| PROBLEM |
In the entries below, locate the line with "Wooden cable organiser", then give again that line and all lines after it, exactly, with pictures omitted.

[Short web captions]
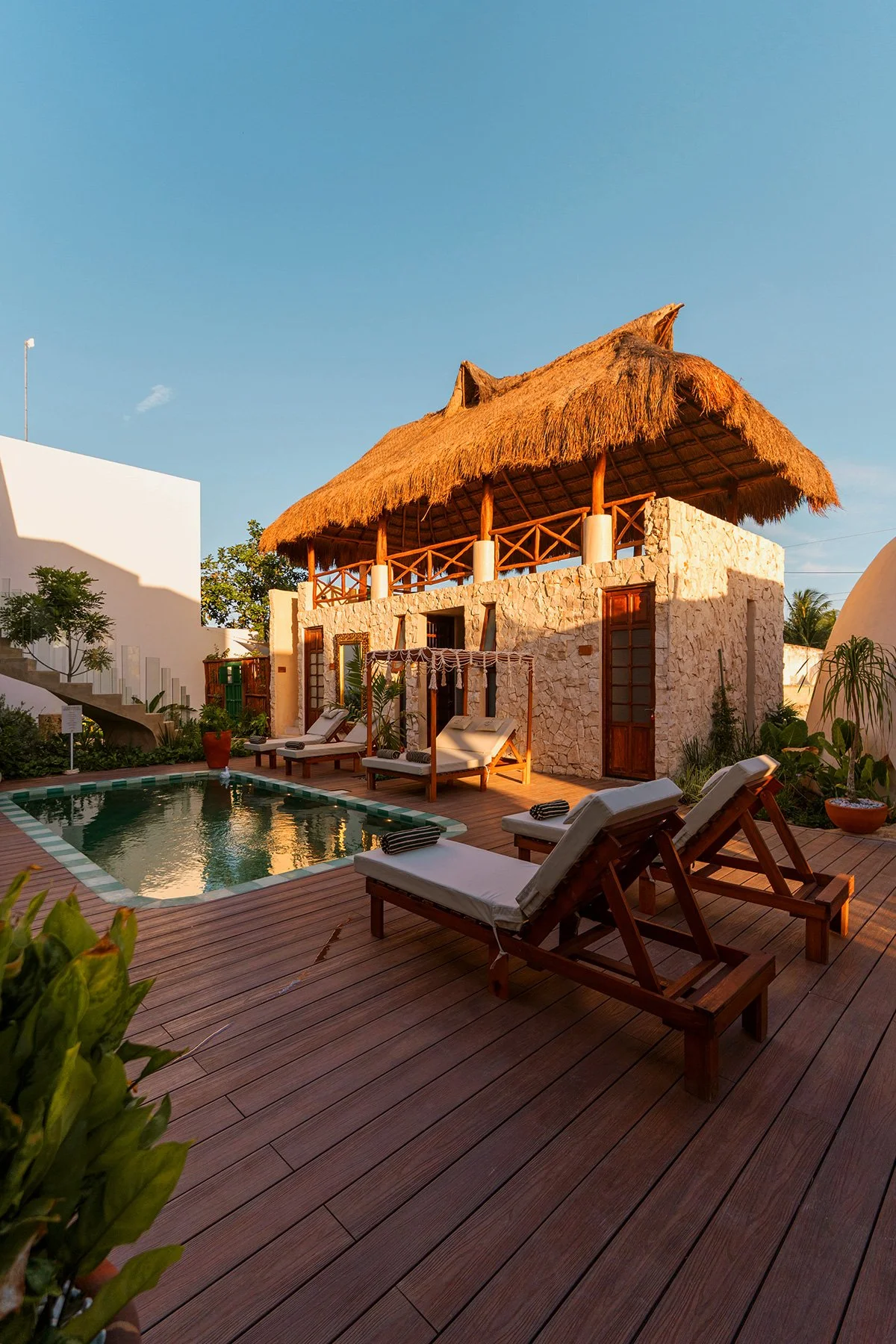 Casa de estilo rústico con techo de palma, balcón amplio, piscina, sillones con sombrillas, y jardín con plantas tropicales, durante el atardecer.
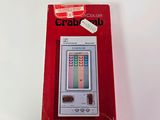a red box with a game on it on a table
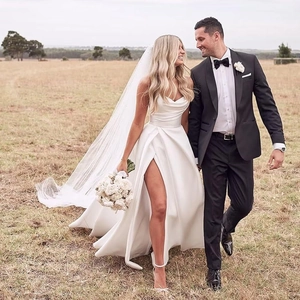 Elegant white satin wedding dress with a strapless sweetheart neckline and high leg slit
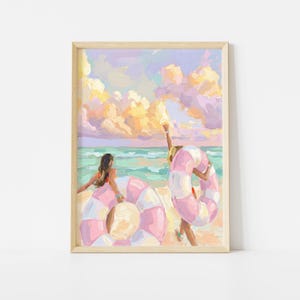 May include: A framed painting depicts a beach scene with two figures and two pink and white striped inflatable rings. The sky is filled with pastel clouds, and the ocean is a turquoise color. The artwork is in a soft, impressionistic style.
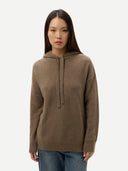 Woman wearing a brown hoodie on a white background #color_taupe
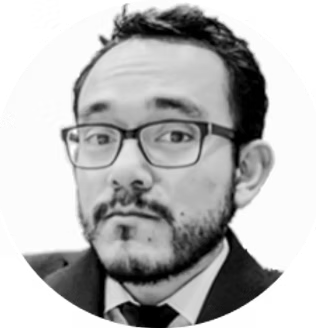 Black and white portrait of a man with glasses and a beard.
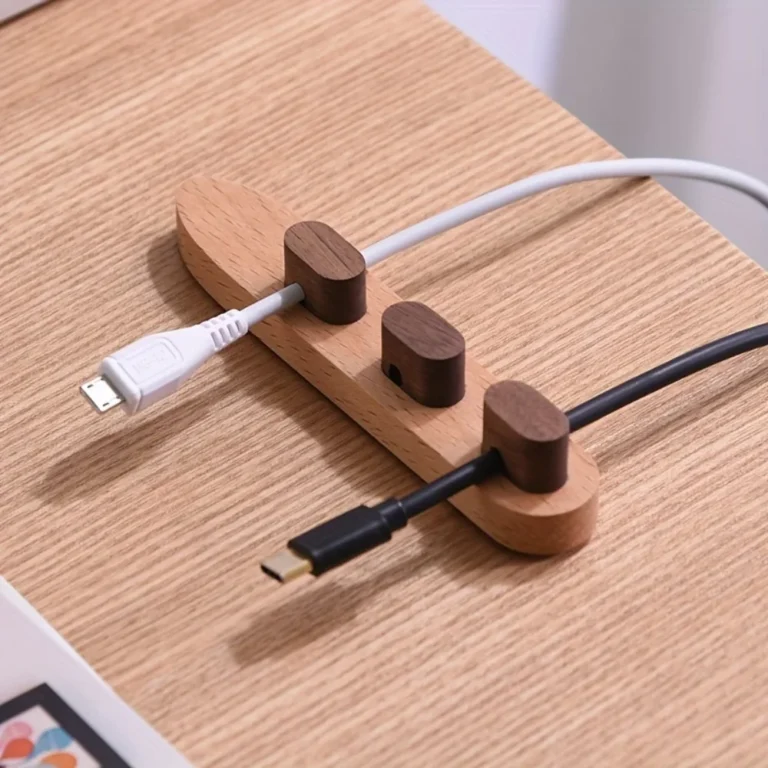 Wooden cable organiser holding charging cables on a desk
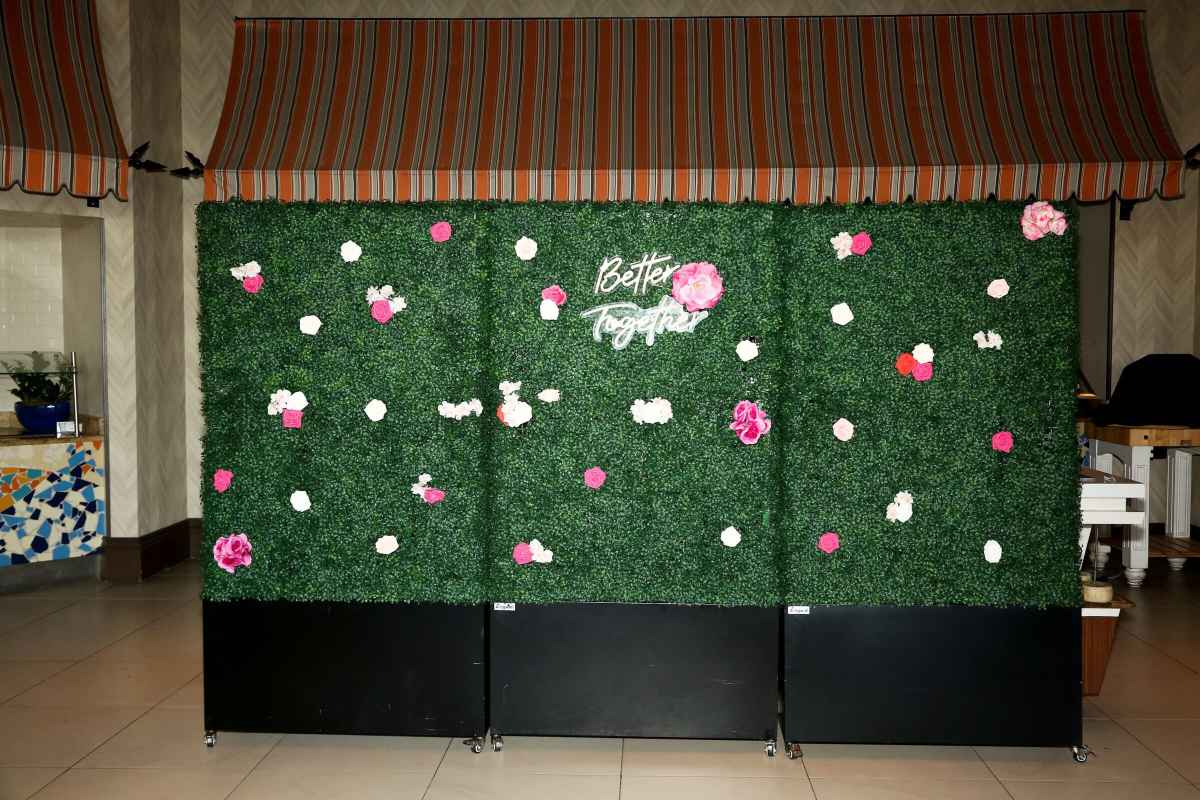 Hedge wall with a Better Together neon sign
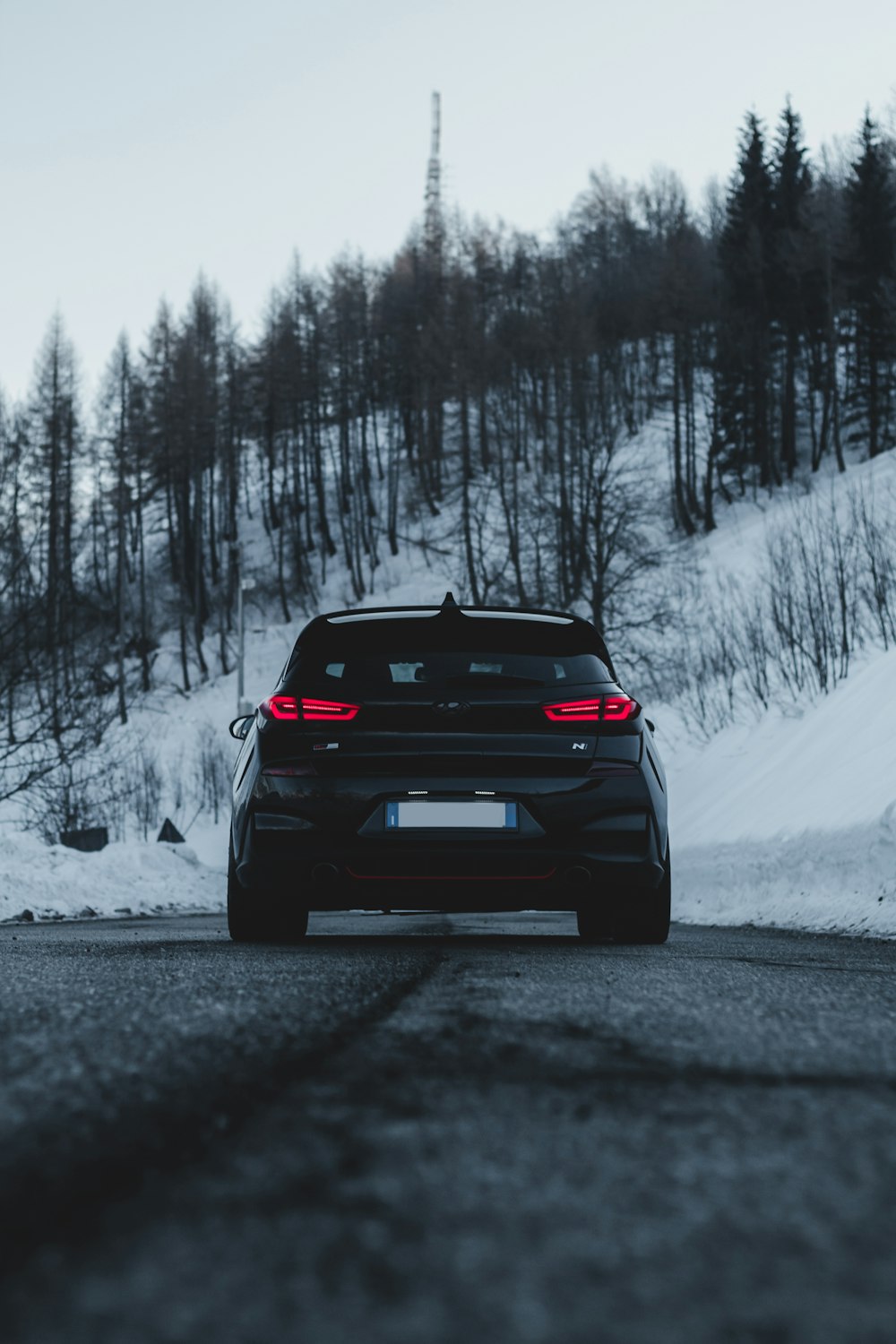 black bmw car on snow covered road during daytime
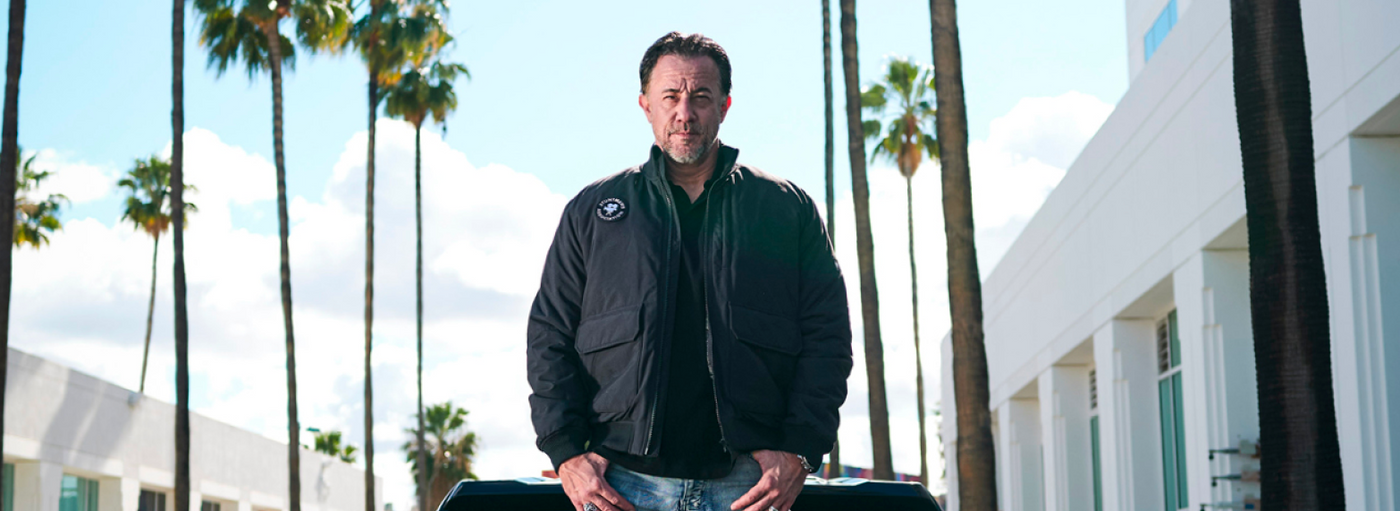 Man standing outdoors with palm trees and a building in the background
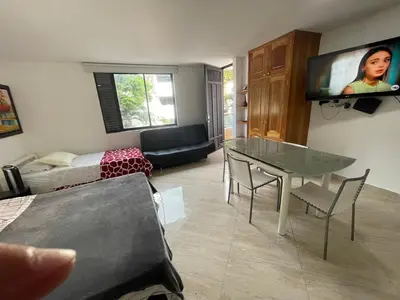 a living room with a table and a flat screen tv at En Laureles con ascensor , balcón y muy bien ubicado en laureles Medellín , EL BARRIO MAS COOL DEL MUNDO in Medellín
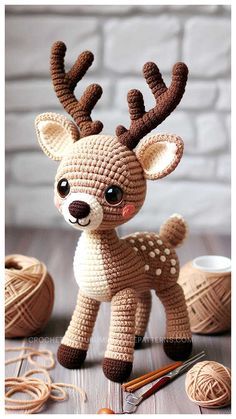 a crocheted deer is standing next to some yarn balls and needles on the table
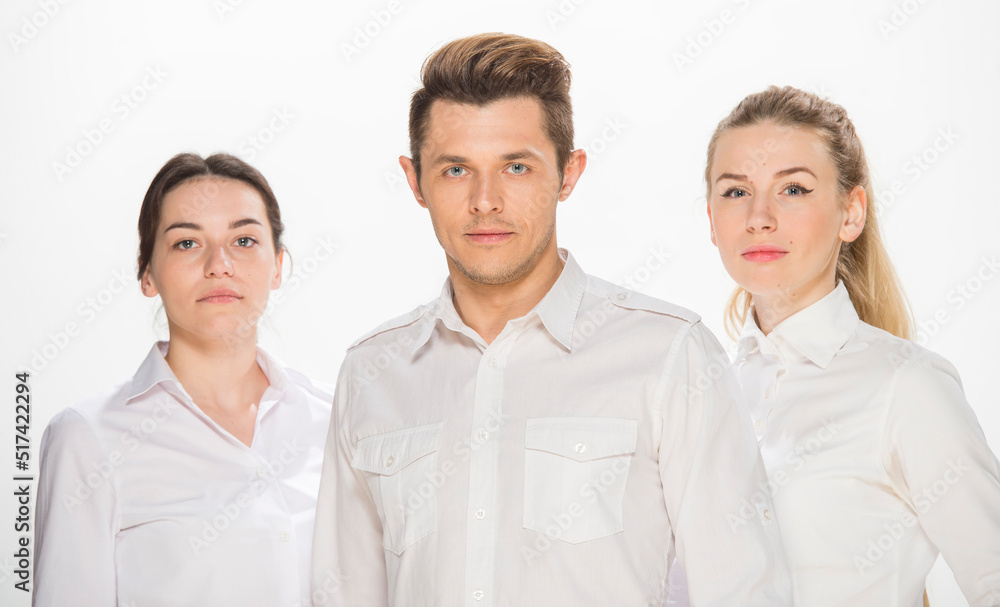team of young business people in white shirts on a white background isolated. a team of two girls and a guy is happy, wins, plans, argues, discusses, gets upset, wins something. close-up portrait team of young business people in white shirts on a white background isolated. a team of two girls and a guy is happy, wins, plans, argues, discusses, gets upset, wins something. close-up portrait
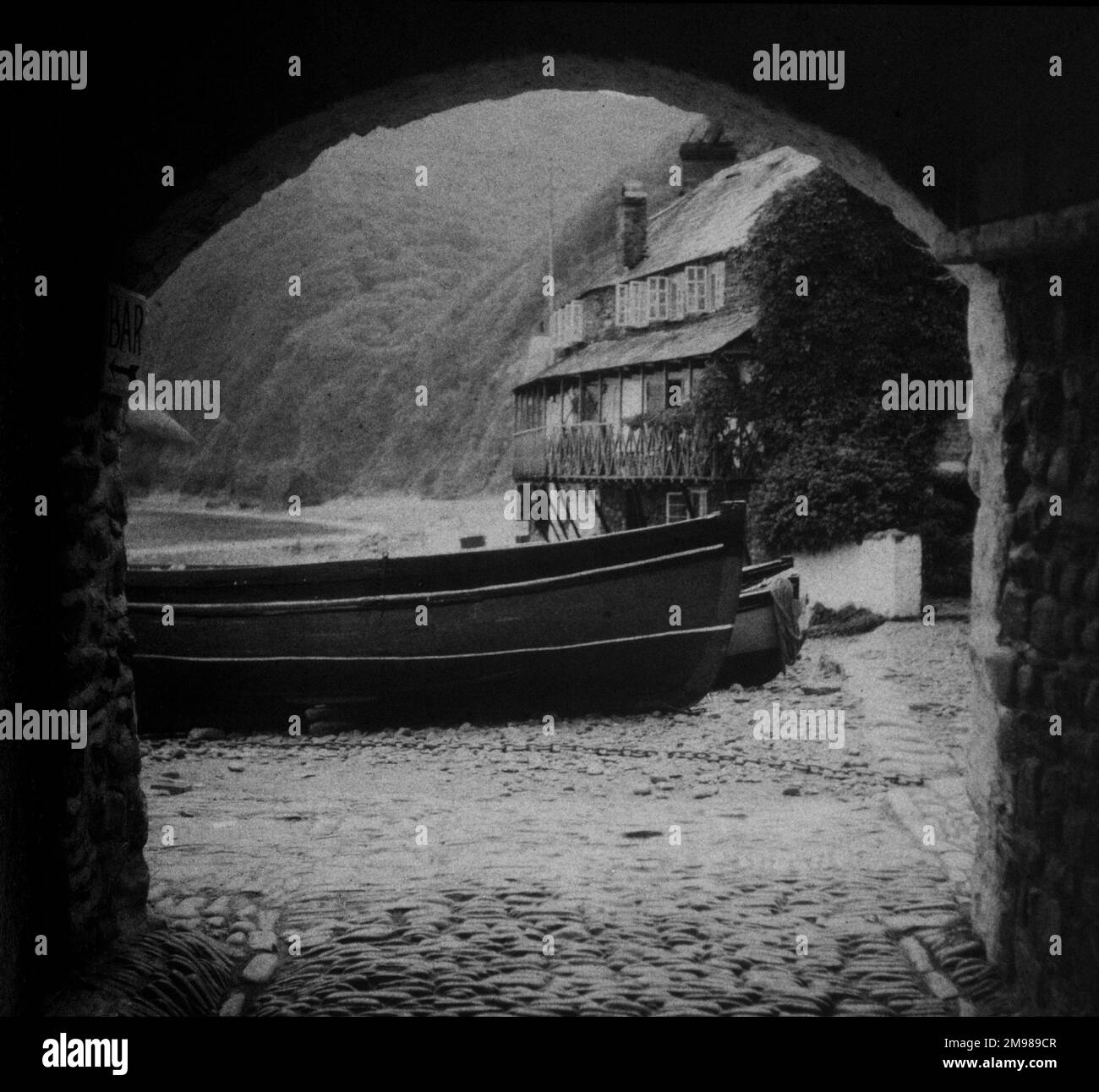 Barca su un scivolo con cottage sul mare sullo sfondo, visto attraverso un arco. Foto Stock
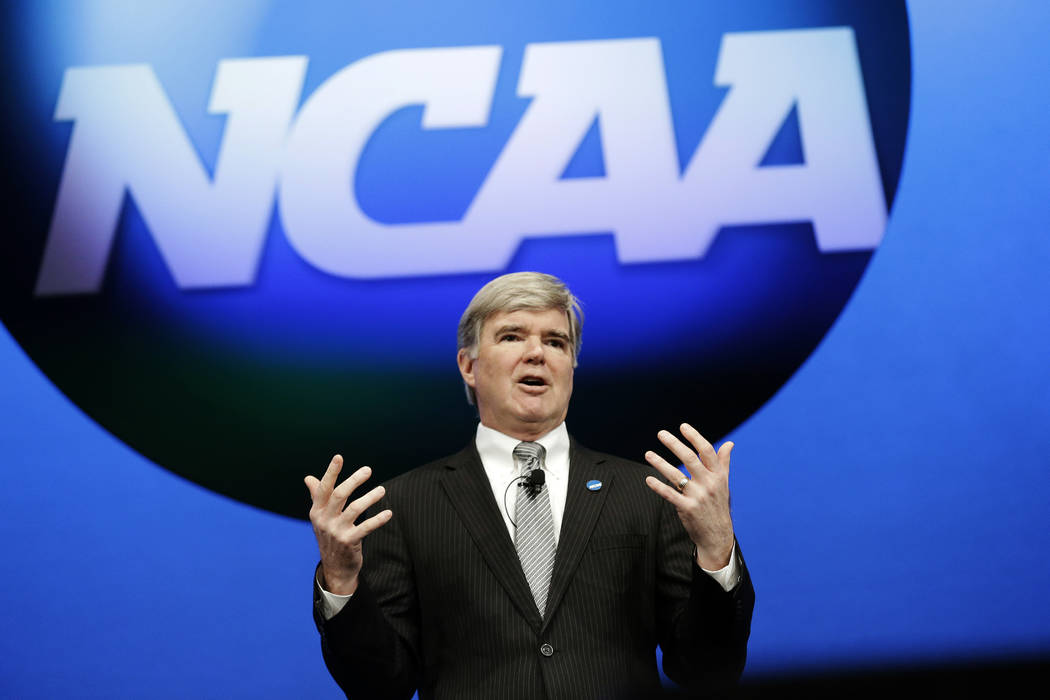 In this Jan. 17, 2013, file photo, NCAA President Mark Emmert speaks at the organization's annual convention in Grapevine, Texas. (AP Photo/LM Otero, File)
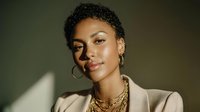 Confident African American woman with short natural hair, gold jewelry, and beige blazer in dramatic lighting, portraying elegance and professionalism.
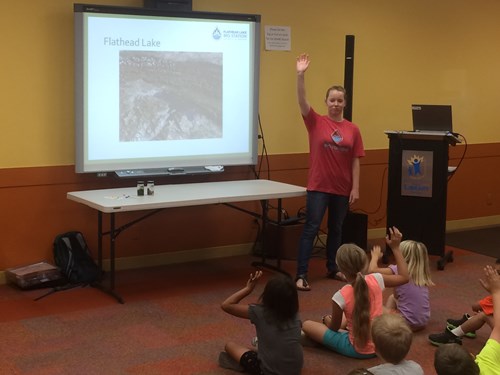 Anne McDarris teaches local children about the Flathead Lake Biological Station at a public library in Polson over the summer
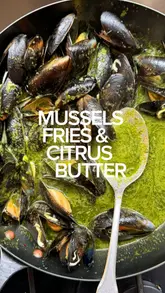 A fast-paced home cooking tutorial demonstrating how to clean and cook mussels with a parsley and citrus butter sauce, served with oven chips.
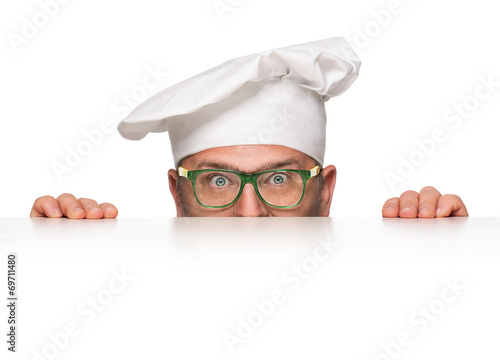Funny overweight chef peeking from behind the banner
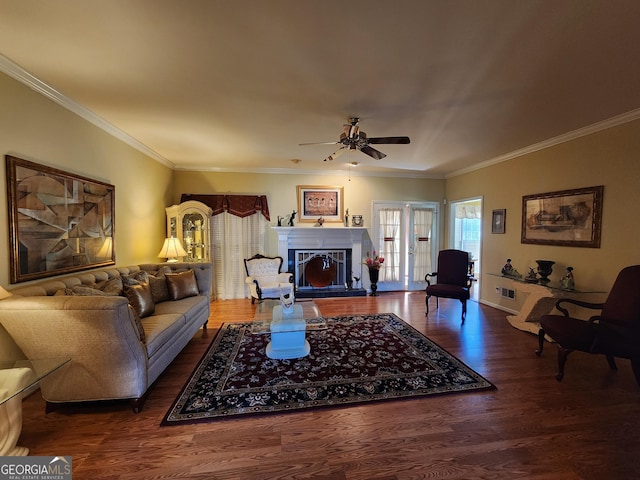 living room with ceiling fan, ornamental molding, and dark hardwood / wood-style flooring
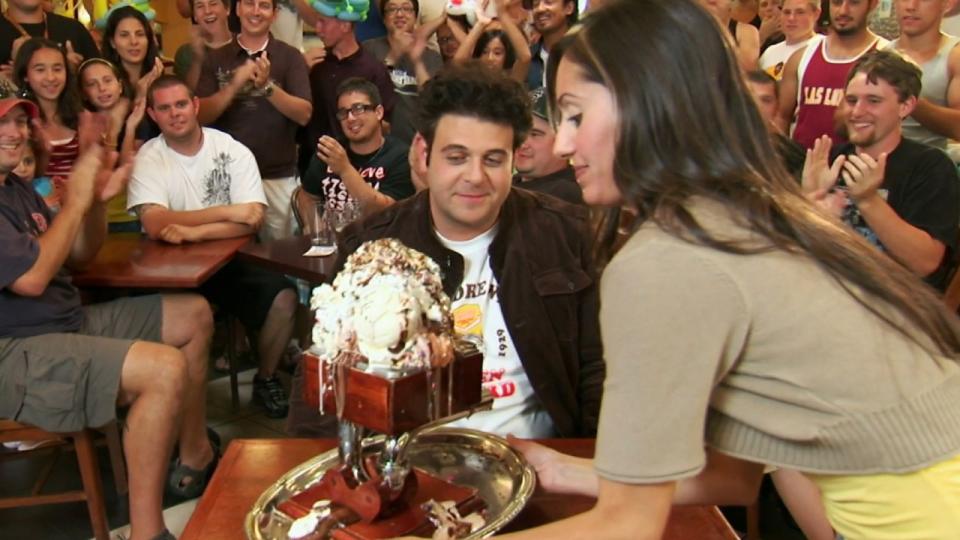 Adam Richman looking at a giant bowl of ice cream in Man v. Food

| SOLVED EXERCISE |
 Wooden cable organiser holding charging cables on a desk
 Hedge wall with a Better Together neon sign
 black bmw car on snow covered road during daytime
 Man standing outdoors with palm trees and a building in the background
 a living room with a table and a flat screen tv at En Laureles con ascensor , balcón y muy bien ubicado en laureles Medellín , EL BARRIO MAS COOL DEL MUNDO in Medellín
 a crocheted deer is standing next to some yarn balls and needles on the table
team of young business people in white shirts on a white background isolated. a team of two girls and a guy is happy, wins, plans, argues, discusses, gets upset, wins something. close-up portrait team of young business people in white shirts on a white background isolated. a team of two girls and a guy is happy, wins, plans, argues, discusses, gets upset, wins something. close-up portrait
 Barca su un scivolo con cottage sul mare sullo sfondo, visto attraverso un arco. Foto Stock
 In this Jan. 17, 2013, file photo, NCAA President Mark Emmert speaks at the organization's annual convention in Grapevine, Texas. (AP Photo/LM Otero, File)
 Confident African American woman with short natural hair, gold jewelry, and beige blazer in dramatic lighting, portraying elegance and professionalism.
 Anne McDarris teaches local children about the Flathead Lake Biological Station at a public library in Polson over the summer
 A fast-paced home cooking tutorial demonstrating how to clean and cook mussels with a parsley and citrus butter sauce, served with oven chips.
Funny overweight chef peeking from behind the banner
 living room with ceiling fan, ornamental molding, and dark hardwood / wood-style flooring
 Adam Richman looking at a giant bowl of ice cream in Man v. Food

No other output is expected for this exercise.